» **EXERCISE PROMPT**
Below are some records. Print exactly the lines between the one holding "鯉魚在綠色池塘裡游泳 鯉魚在綠色池塘裡游泳 108899433" and the one holding "Nectar Hybrid Lite Small...", inclusive, and nothing else.

» **DATASET**
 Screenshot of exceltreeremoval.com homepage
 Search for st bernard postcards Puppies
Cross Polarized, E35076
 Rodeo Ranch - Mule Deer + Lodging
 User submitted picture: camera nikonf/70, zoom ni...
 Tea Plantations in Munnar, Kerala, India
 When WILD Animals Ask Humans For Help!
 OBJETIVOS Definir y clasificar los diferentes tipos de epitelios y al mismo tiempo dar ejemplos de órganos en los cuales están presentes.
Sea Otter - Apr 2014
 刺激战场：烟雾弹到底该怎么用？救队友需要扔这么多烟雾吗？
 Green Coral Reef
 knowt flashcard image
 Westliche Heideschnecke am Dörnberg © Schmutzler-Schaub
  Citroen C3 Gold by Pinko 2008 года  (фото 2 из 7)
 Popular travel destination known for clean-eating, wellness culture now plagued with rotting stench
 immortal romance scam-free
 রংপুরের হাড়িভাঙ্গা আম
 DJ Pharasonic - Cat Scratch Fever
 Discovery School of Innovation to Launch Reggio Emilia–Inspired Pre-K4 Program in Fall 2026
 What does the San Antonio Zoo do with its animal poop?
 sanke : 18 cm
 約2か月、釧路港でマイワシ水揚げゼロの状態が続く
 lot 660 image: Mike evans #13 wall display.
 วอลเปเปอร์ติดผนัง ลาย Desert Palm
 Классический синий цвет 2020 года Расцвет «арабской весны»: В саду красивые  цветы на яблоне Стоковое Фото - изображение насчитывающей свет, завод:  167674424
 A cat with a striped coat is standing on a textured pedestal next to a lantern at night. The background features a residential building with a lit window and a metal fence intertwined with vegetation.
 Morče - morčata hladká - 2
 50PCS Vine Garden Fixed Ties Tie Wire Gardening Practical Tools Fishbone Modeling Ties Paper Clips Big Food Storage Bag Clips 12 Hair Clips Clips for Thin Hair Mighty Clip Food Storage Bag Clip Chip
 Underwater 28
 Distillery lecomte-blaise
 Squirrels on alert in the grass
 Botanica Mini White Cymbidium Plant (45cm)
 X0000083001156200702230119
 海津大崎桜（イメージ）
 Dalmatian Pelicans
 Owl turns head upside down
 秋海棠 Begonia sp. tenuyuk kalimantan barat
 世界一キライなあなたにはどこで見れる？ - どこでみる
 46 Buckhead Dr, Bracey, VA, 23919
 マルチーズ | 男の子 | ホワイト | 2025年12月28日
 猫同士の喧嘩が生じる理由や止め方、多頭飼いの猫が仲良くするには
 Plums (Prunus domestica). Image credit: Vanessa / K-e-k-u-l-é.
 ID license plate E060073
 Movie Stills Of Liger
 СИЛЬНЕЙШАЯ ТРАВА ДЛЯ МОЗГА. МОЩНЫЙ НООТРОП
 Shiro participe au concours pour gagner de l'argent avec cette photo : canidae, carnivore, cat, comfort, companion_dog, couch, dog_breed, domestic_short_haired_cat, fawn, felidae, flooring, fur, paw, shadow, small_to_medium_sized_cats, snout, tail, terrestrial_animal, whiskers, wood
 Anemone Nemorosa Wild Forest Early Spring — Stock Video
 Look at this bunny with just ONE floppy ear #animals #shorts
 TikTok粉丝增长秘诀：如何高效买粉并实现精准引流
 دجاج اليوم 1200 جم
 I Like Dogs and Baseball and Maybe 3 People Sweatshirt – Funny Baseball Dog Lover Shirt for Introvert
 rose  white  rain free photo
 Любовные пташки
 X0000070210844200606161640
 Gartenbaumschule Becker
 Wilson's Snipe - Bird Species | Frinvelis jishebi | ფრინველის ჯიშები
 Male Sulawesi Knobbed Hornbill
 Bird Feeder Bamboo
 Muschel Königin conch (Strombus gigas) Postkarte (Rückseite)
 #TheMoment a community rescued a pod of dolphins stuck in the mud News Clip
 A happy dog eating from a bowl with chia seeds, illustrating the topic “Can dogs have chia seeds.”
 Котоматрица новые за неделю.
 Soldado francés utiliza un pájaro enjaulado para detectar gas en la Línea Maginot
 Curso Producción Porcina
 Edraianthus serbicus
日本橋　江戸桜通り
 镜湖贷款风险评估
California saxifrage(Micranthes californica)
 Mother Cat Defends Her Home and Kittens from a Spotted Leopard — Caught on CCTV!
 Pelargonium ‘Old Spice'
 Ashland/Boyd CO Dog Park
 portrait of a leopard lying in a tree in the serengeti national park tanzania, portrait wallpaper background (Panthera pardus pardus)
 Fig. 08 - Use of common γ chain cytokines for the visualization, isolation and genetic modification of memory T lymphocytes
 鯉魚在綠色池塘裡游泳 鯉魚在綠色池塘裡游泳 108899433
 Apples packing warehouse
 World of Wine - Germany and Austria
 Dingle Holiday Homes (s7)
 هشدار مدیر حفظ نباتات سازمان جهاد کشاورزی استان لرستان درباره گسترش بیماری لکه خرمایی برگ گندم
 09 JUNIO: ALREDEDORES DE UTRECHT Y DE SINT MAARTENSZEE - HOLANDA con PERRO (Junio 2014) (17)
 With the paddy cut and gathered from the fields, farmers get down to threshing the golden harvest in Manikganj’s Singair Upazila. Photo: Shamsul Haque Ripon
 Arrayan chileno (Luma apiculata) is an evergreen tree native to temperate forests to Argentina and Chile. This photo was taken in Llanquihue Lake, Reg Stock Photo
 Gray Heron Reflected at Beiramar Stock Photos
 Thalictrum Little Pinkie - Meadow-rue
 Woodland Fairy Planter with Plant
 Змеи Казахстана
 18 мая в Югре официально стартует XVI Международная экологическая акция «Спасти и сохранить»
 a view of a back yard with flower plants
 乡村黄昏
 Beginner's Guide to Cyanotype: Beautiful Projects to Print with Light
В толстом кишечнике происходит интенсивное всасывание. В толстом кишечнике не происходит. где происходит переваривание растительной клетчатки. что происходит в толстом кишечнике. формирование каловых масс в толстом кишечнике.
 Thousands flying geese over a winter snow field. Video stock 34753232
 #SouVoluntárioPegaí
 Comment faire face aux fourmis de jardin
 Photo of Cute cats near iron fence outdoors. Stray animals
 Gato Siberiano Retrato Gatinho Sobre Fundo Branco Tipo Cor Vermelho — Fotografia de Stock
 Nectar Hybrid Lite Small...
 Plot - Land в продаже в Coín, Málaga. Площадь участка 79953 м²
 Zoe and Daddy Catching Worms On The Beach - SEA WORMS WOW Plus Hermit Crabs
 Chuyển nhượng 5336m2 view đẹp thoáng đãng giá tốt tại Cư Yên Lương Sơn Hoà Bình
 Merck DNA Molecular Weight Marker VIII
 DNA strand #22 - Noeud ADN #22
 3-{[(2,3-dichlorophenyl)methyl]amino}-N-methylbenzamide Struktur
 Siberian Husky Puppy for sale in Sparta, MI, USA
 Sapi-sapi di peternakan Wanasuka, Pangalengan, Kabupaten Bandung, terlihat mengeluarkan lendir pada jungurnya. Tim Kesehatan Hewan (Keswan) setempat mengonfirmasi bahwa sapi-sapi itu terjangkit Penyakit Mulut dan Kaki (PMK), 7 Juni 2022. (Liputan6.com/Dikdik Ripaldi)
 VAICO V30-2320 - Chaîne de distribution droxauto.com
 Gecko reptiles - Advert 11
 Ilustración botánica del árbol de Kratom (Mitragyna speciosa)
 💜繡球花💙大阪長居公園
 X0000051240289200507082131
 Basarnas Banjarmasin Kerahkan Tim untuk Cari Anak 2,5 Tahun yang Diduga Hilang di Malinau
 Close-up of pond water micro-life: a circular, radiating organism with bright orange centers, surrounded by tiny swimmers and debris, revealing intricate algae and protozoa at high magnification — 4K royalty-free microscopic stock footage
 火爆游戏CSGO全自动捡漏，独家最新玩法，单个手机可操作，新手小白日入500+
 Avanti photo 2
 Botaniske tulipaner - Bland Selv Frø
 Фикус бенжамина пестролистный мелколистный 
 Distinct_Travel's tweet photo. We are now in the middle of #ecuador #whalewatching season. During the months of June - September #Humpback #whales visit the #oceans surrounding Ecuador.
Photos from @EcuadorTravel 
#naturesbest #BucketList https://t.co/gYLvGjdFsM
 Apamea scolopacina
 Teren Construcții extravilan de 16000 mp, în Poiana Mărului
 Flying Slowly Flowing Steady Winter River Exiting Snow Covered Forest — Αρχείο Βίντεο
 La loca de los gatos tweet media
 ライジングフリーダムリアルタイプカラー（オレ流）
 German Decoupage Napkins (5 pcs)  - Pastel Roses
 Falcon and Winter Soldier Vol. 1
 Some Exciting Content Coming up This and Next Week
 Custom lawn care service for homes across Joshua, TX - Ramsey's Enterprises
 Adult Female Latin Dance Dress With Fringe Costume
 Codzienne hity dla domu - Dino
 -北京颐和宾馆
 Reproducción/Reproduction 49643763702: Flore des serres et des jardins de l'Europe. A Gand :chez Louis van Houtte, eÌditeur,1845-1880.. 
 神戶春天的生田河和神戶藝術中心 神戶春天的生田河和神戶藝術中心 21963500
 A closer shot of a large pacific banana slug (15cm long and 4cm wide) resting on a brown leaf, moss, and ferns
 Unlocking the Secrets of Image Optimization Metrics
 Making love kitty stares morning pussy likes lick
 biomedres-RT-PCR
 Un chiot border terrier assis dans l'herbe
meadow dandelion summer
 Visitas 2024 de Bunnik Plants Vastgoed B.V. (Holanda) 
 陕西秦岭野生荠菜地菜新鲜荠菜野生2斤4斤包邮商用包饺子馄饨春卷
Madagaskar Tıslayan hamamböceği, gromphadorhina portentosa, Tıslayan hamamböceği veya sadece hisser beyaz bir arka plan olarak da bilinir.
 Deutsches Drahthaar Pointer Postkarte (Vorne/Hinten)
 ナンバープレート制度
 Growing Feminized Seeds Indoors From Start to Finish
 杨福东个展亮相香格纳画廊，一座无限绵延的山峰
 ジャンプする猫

» **ANSWER SECTION**
 鯉魚在綠色池塘裡游泳 鯉魚在綠色池塘裡游泳 108899433
 Apples packing warehouse
 World of Wine - Germany and Austria
 Dingle Holiday Homes (s7)
 هشدار مدیر حفظ نباتات سازمان جهاد کشاورزی استان لرستان درباره گسترش بیماری لکه خرمایی برگ گندم
 09 JUNIO: ALREDEDORES DE UTRECHT Y DE SINT MAARTENSZEE - HOLANDA con PERRO (Junio 2014) (17)
 With the paddy cut and gathered from the fields, farmers get down to threshing the golden harvest in Manikganj’s Singair Upazila. Photo: Shamsul Haque Ripon
 Arrayan chileno (Luma apiculata) is an evergreen tree native to temperate forests to Argentina and Chile. This photo was taken in Llanquihue Lake, Reg Stock Photo
 Gray Heron Reflected at Beiramar Stock Photos
 Thalictrum Little Pinkie - Meadow-rue
 Woodland Fairy Planter with Plant
 Змеи Казахстана
 18 мая в Югре официально стартует XVI Международная экологическая акция «Спасти и сохранить»
 a view of a back yard with flower plants
 乡村黄昏
 Beginner's Guide to Cyanotype: Beautiful Projects to Print with Light
В толстом кишечнике происходит интенсивное всасывание. В толстом кишечнике не происходит. где происходит переваривание растительной клетчатки. что происходит в толстом кишечнике. формирование каловых масс в толстом кишечнике.
 Thousands flying geese over a winter snow field. Video stock 34753232
 #SouVoluntárioPegaí
 Comment faire face aux fourmis de jardin
 Photo of Cute cats near iron fence outdoors. Stray animals
 Gato Siberiano Retrato Gatinho Sobre Fundo Branco Tipo Cor Vermelho — Fotografia de Stock
 Nectar Hybrid Lite Small...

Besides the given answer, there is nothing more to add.